Project Goals and Specific Aims

Project Goals

An increasingly relevant means for the neurological assessment of traumatic brain injury (TBI) is with in vivo neuroimaging. However, standard automated image analysis methods are not robust with respect to the TBI-related changes in image contrast, changes in brain shape, cranial fractures, white matter fiber alterations, and other signatures of head injury. Multimodal quantification of brain insults and associating these with clinical and outcome metrics is a particular challenge. The emphasis in this DBP is placed on the feasibility of subject-specific analysis, as opposed to population-based averaging, to examine the influence of TBI on time-dependent alteration of gray and white matter integrity with accompanying change in clinical outcome variables to be used in subsequent TBI assessment. This DBP [1] seeks to:

1. Develop end-to-end processing approaches using the NA-MIC Kit to investigate alterations in cortical thickness, and subsequent ventricular and white matter changes in patients with TBI and in age-matched controls. Image processing will include segmentation of lesions, hemorrhage, edema, and other pathology relevant to TBI. Longitudinal changes will be assessed by registration and joint segmentation of baseline and follow-up data.

2. Develop robust workflows for diffusion weighted imaging (e.g. DTI, HARDI) datasets from TBI patients, by using the NA-MIC Kit and Slicer to obtain reliable and robust metrics of white matter pathology and of white matter changes due to therapy and/or recovery.

3. Using the NA-MIC Kit, cross-correlate multimodal metrics of cortical thickness, complexity, ventricular volume, and lesions from structural imaging and white matter fiber integrity from diffusion tensor imaging, with clinical outcome variables, i.e., time since injury, age, gender and other potential factors predictive of recovery.

Specific Aims

In this NA-MIC DBP, we seek to develop the means for guided and semi-automatic TBI analysis and quantification with a view toward assessing clinical improvement under the following Specific Aims:

Aim 1

How can multimodal assessment of altered brain anatomy speak directly to questions of brain plasticity and to secondary neuroanatomical effects of TBI?

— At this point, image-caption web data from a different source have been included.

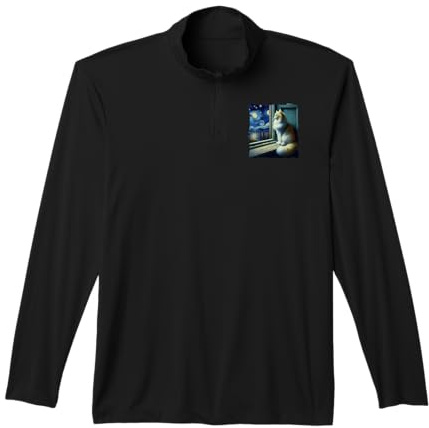 Cat Turkish Angora Starry Night Turkish Angora Performance Quarter-Zip Top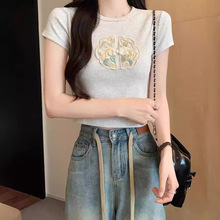 新中式国风圆领短袖T恤女夏季新款修身小个子短款甜辣妹打底上衣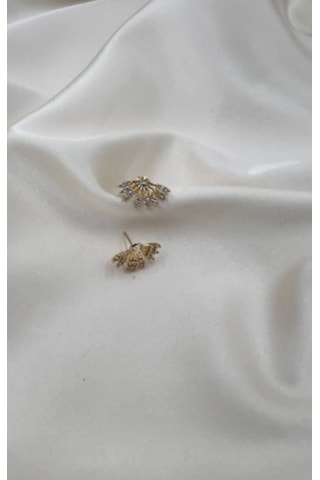 Bb Çelik Çoklu Görünüm Badem Küpe Altın - Beyaz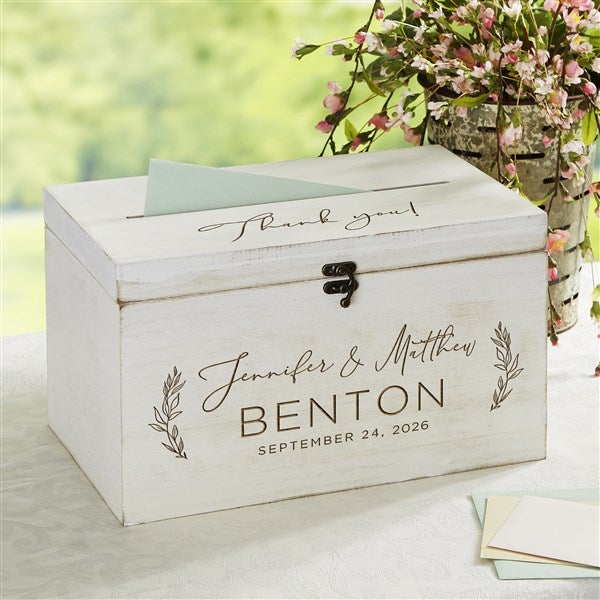 Elegant Couple Engraved Wooden Wedding Keepsake Card Box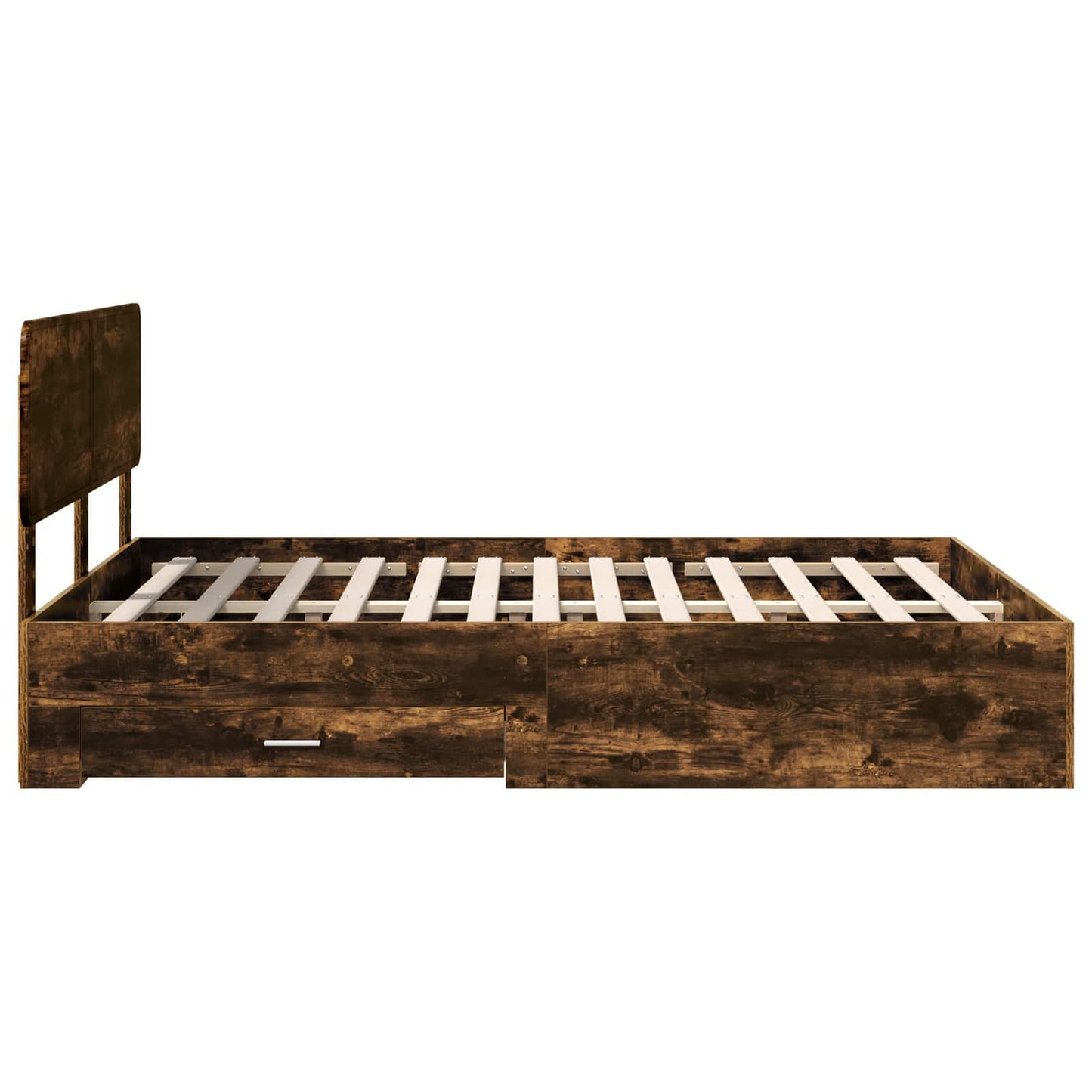 vidaXL Σκελετός Κρεβατιού με κεφαλάρι Καπνιστό Δρύς 150 x 200 cm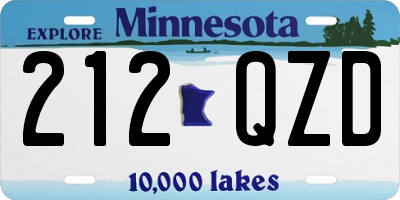 MN license plate 212QZD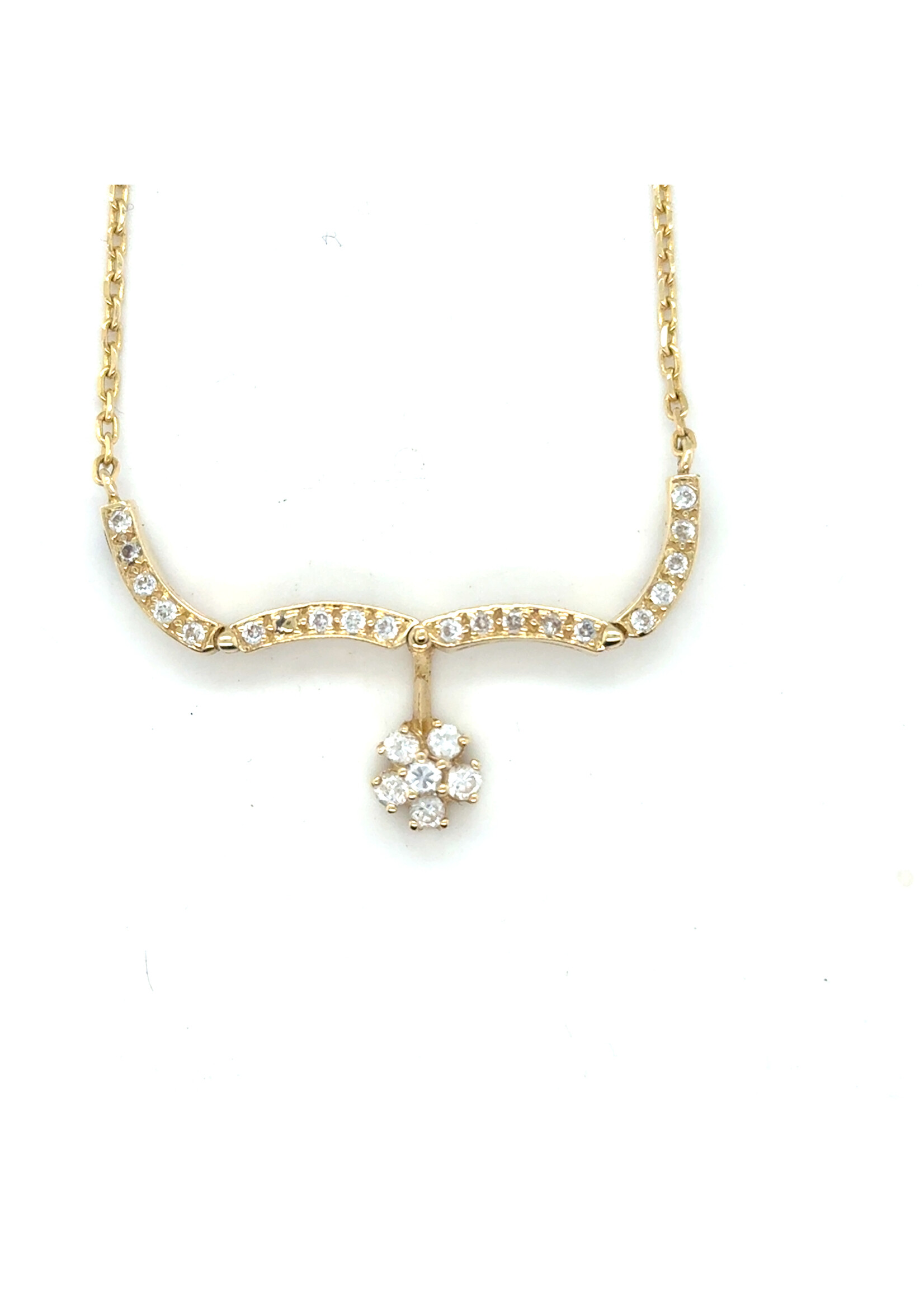 Vintage & Occasion Collier met rozet briljant tussenstuk - lengte 50cm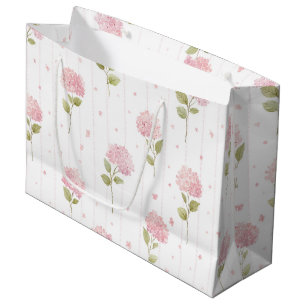 Sacola Para Presentes Grande Lindo Chá de Noiva Floral Rosa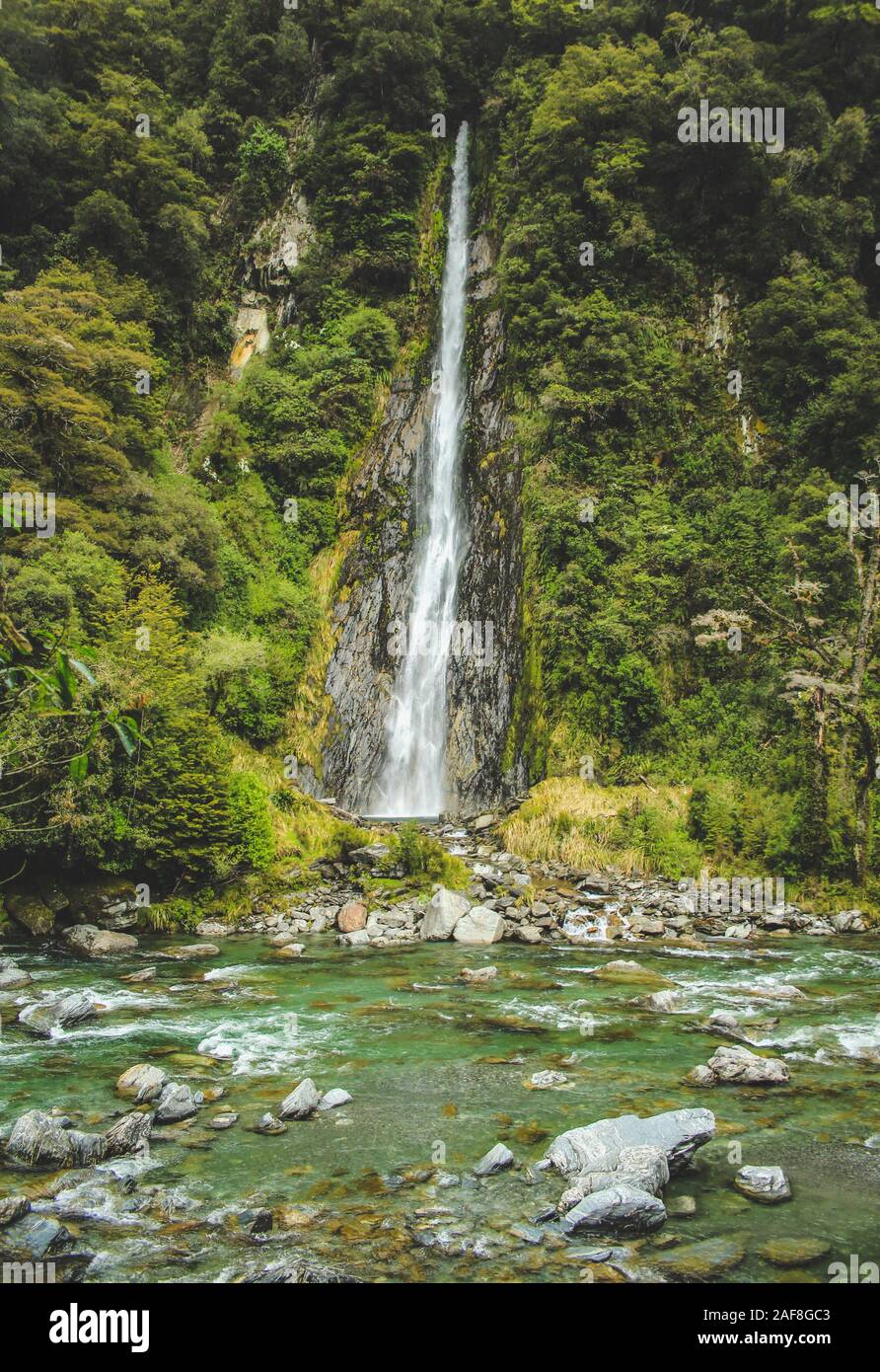 Thunder Creek Falls in Mount Aspiring National Park, South Island, New Zealand Stock Photo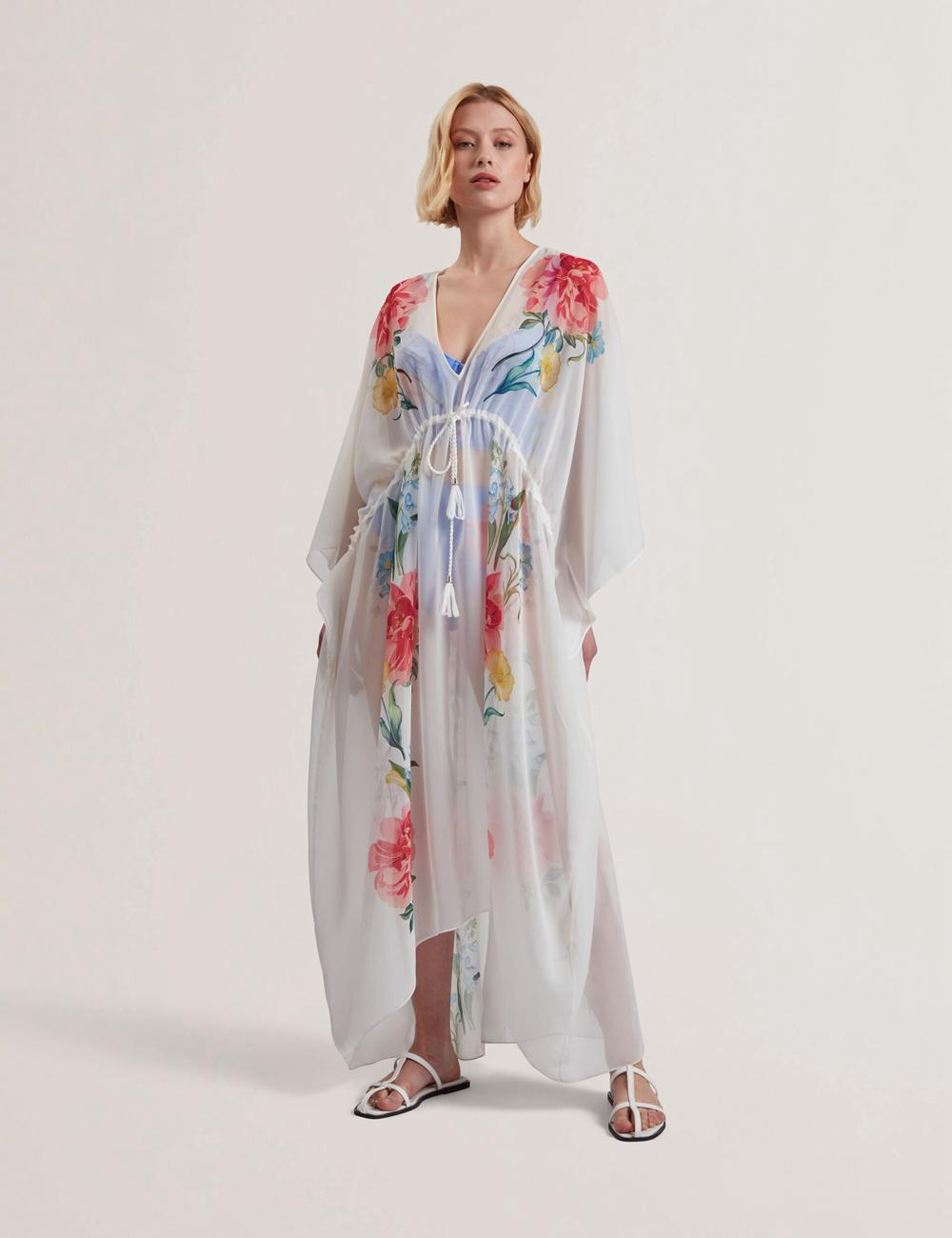 Women Ted Baker LUUSAA - Floral V-Neck Maxi Kaftan Beach Dress Cover Ups White | KSA  7952-ISJZV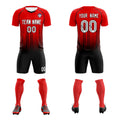 Custom Red Black Printing Outdoor Tracksuit Soccer Sets Jersey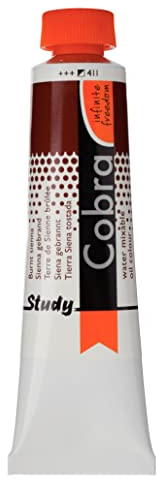 COBRA Talens Study wasservermalbare Ölfarbe, 40 ml, 411 Siena gebr.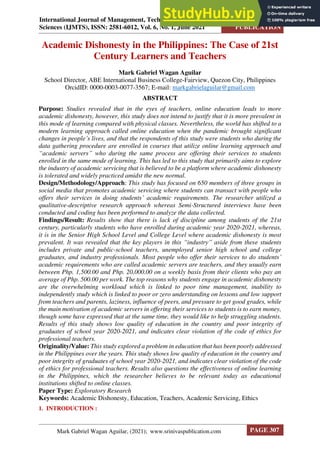 Academic Dishonesty In The Philippines The Case Of 21St Century ...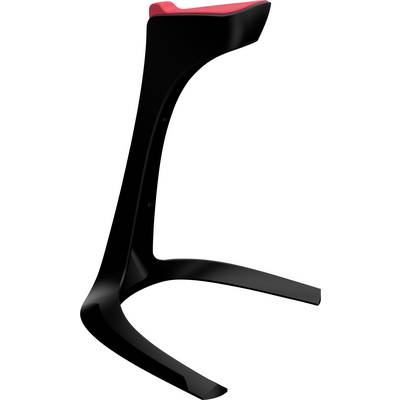 An elegant, modern black stand with a curved design and a slightly angled top surface, upon which a red element rests.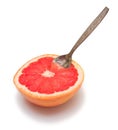 Grapefruit with the dessertspoon Royalty Free Stock Photo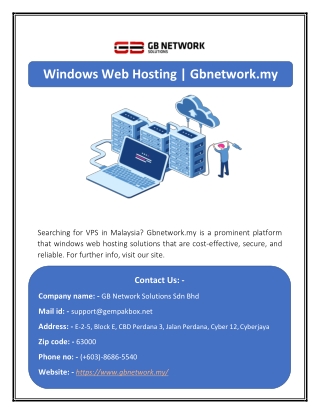 Windows Web Hosting | Gbnetwork.my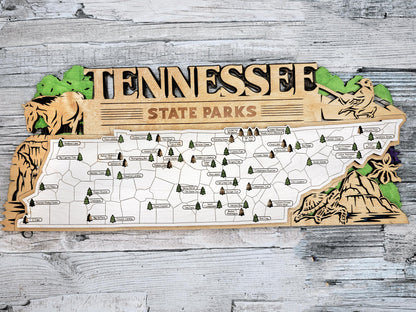 The Tennessee State Park Map - Custom and Non Customizable Options - SVG, PDF File Download - Tested in Lightburn and Glowforge & Xtool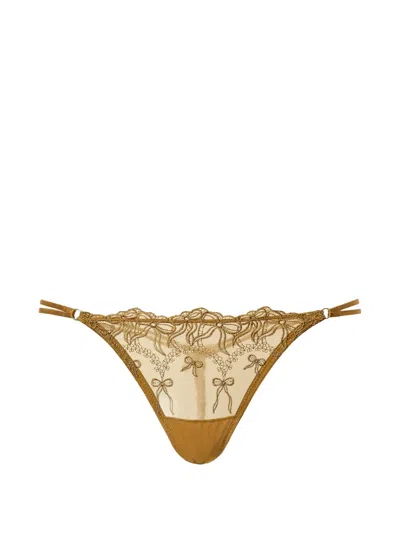 Twinset Tulle Thongs With Bows In Brown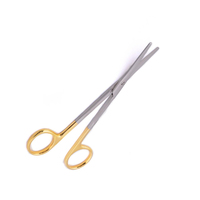 Ciseaux chirurgicaux demi-ondulés à lame droite en acier inoxydable doré, 110 mm (5 pouces), pour soins médicaux, OEM/ODM, DIY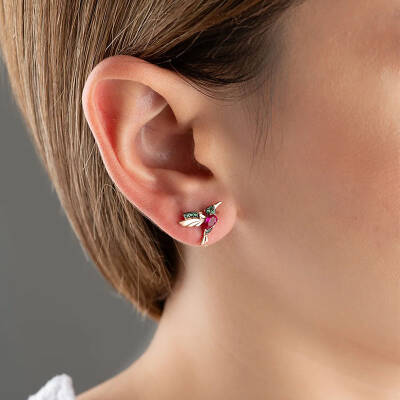 925 Ayar Gümüş Arı Kuşu Küpe - 3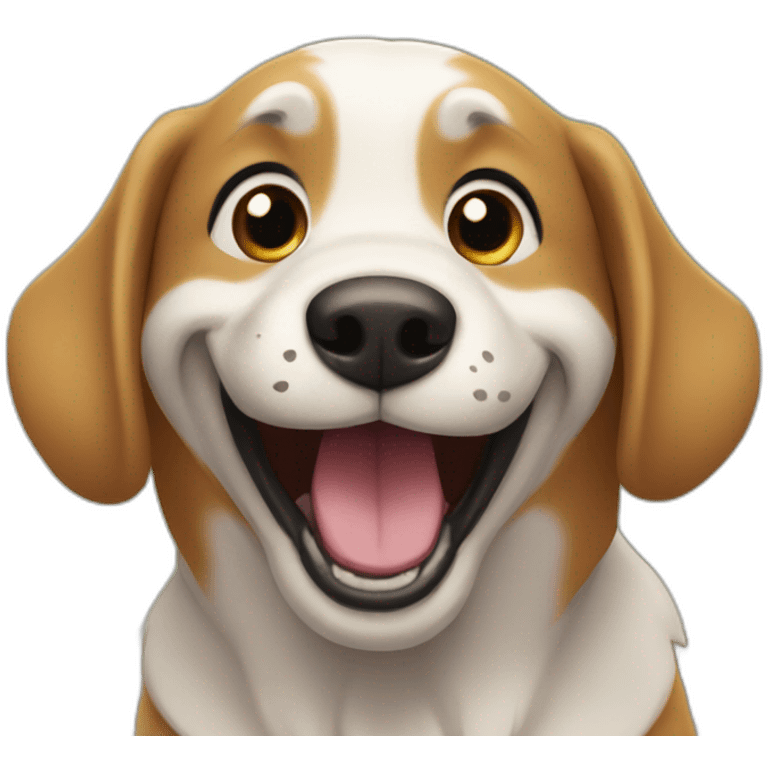 dog is laughing in a house emoji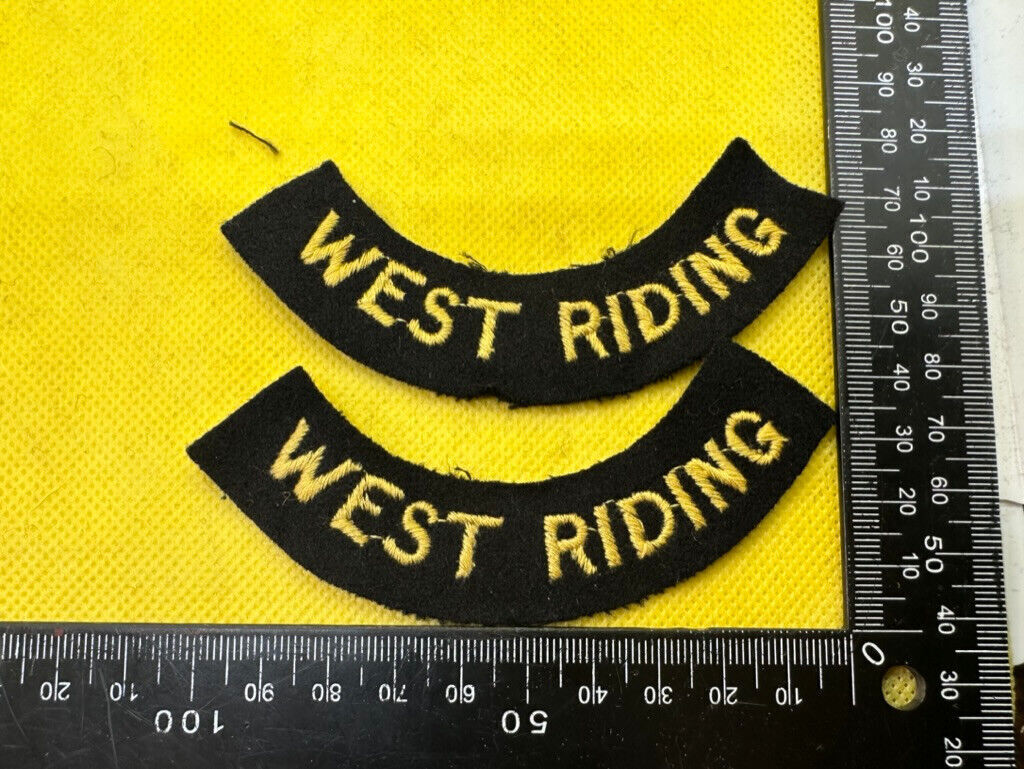 Original WW2 British Home Front Civil Defence West Riding Shoulder Titles - The Militaria Shop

We will develop end-to-end processing approaches using the NA-MIC Kit to investigate alterations in cortical thickness, subsequent ventricular, and white matter changes in patients with TBI and in age-matched controls.

Aim 2

Can multimodal workflows be developed to guide clinicians in the analysis and display of white matter fiber tract pathology that frequently accompanies brain insult?

In diffusion weighted imaging (e.g. DTI, HARDI) datasets from TBI patients, we will develop robust workflows using the NA-MIC Kit and Slicer to obtain reliable and robust metrics of white matter pathology.

Aim 3

How can multimodal metrics of TBI grey and white matter pathology be utilized to inform and guide clinical assessment?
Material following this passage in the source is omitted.